Le dernier samouraï
Cinéma / Critique - écrit par Nicolas, le 15/01/2004 (
L'Amérique a parfois mal. Elle souffre en se regardant elle-même sur le champ de bataille, enfoncée dans une quelconque guerre qui la meurtrira à jamais, et qui finira certainement sur les écrans en signe d'expiation. Pour illustrer tout cela, rien de tel qu'une tête connue et un sacré paquet de zéros et de figurants, le tout emballé dans un précieux papier de bons sentiments et noué d'un ruban de spiritualité.
1876. Des cauchemars plein la tête, le capitaine Nathan Algren (Tom Cruise), l'un des « glorieux » héros de la guerre de sécession, se laisse détruire par le temps et l'alcool. L'attrait de l'argent va le mener à se retrouver une nouvelle fois sous le commandement du colonel Bagley, non pas pour faire la guerre, mais pour entraîner les forces japonaises à se battre contre les rebelles se dressant contre l'empereur, les samouraïs menés par le légendaire Katsumoto. Une entreprise déterminante puisqu'elle permettrait aux Etats-Unis de former une série d'accords commerciaux avec un pays qui ne demande qu'à s'occidentaliser. L'armée japonaise, prématurément envoyée au combat, est décimée par les samouraïs, et le capitaine Algren se porte disparu, enlevé par Katsumoto...

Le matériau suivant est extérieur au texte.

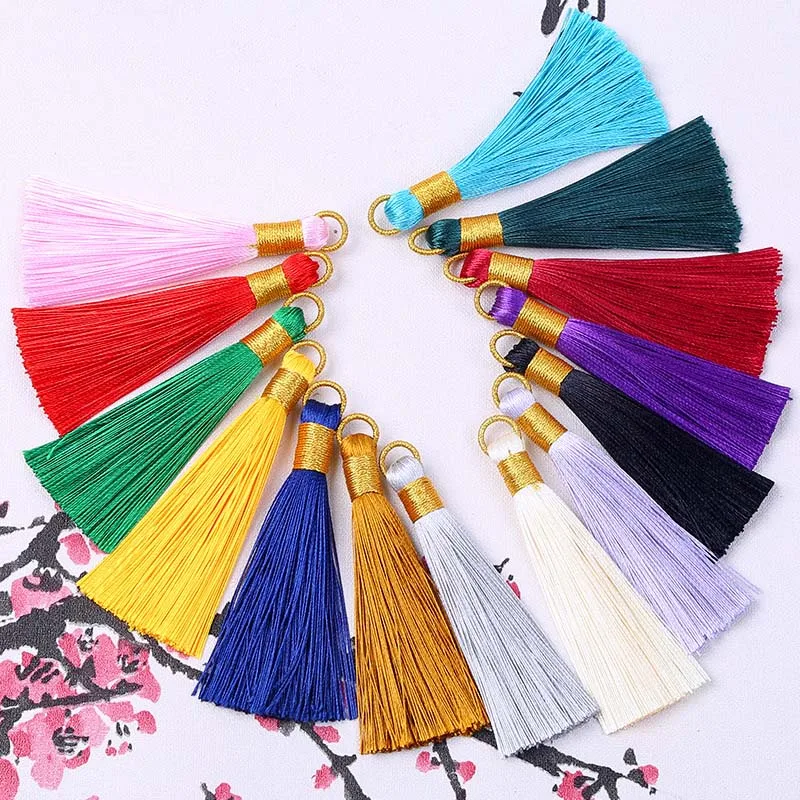 5pcs/lot 8cm Multicolor Cotton Silk Tassel Brush Cords fit Earrings Charm Pendant Satin Tassel for Car Bag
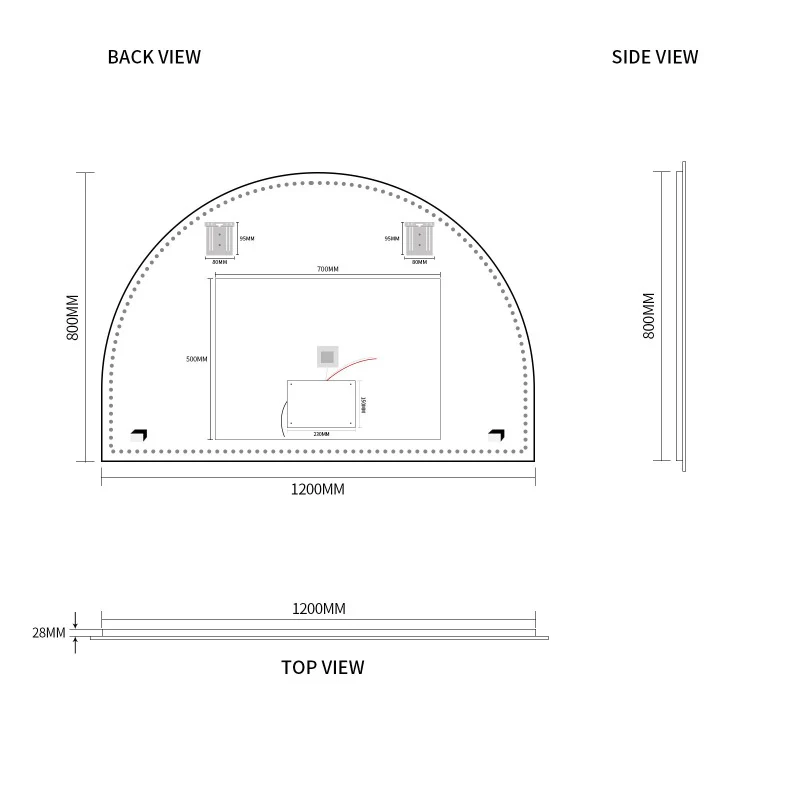 Arched Touchless 1200 x 800 LED Mirror - Three Light Temperatures - Image 8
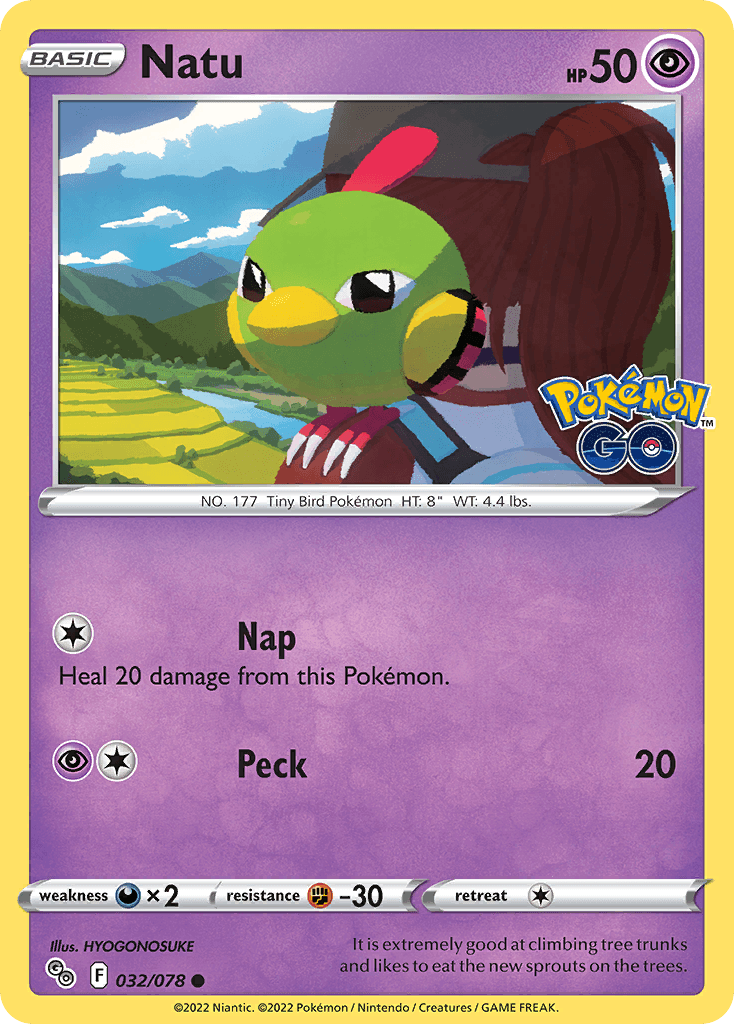 Natu Pokémon GO card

Tradition (sabres et flèches) contre modernité (fusils et baïonnettes), honneur (Katsumoto) contre déshonneur (Algren). Le capitaine alcoolique, image d'une Amérique souillée par une série de batailles sanglantes, vaines, et indignement menées, se heurte à la candeur, au courage, et au dévouement du samouraï, pour le salut de son âme. Et c'est précisément ce dont il est question dans Le Dernier Samouraï, moins intéressé par l'aspect historique (l'expansionnisme américain, la fragilité du pouvoir japonais) que par l'emblématique ré-ascension de Monsieur Cruise au sein de cette « tribu » un peu primitive mais profondément respectable. Autant l'annoncer d'emblée, il sera difficile d'éviter les conversations philosophiques et les portraits à rallonge sur la détermination, l'honneur, et la spiritualité. On en imagine facilement le dénouement et la problématique interne, conventionnels tous deux, mais rien ne nous permet à aucun moment de faire un véritable reproche sur le fond. Peut-être que l'accentuation portée sur ce côté épique et jusqu'au-boutiste pourra en énerver quelques-uns, alors que d'autres le laisseront flotter sans y prêter réelle attention. La forme, elle aussi convenue, marque tout de même plusieurs points grâce à sa photographie, superbe hommage aux paysages magnifiques du japon et de la Nouvelle-Zélande, et quelques idées de réalisation bienvenues (par exemple, la dissociation physique/spirituel de Algren après un combat de rue acharné). Mais une très large place est tout de même préservée à la gloire du visage de l'acteur maintenant barbu et chevelu, personnage fictif indéboulonnable dans un contexte qui se veut inspiré de la réalité. On oubliera facilement l'insipide romance qui n'existe probablement que pour offrir un débouché sentimental complémentaire au capitaine Algren, les petites altercations annexes (notamment avec le colonel Blagey), et le contexte politique qui visiblement n'était pas un des traits essentiels du scénario.
On pense furieusement à du Danse Avec les Loups, parfois à du Braveheart(je vais la chercher loin, j'avoue), mais, pas de méprise, il ne s'agit que de style. Le Dernier Samouraï, dernière ode en date à l'Amérique blessée par l'histoire et à la si belle barbe de Tom Cruise, n'en est qu'un successeur un peu plat, très conventionnel, mais indéniablement bien maîtrisé au point de ne pas voir les deux heures et demi se passer.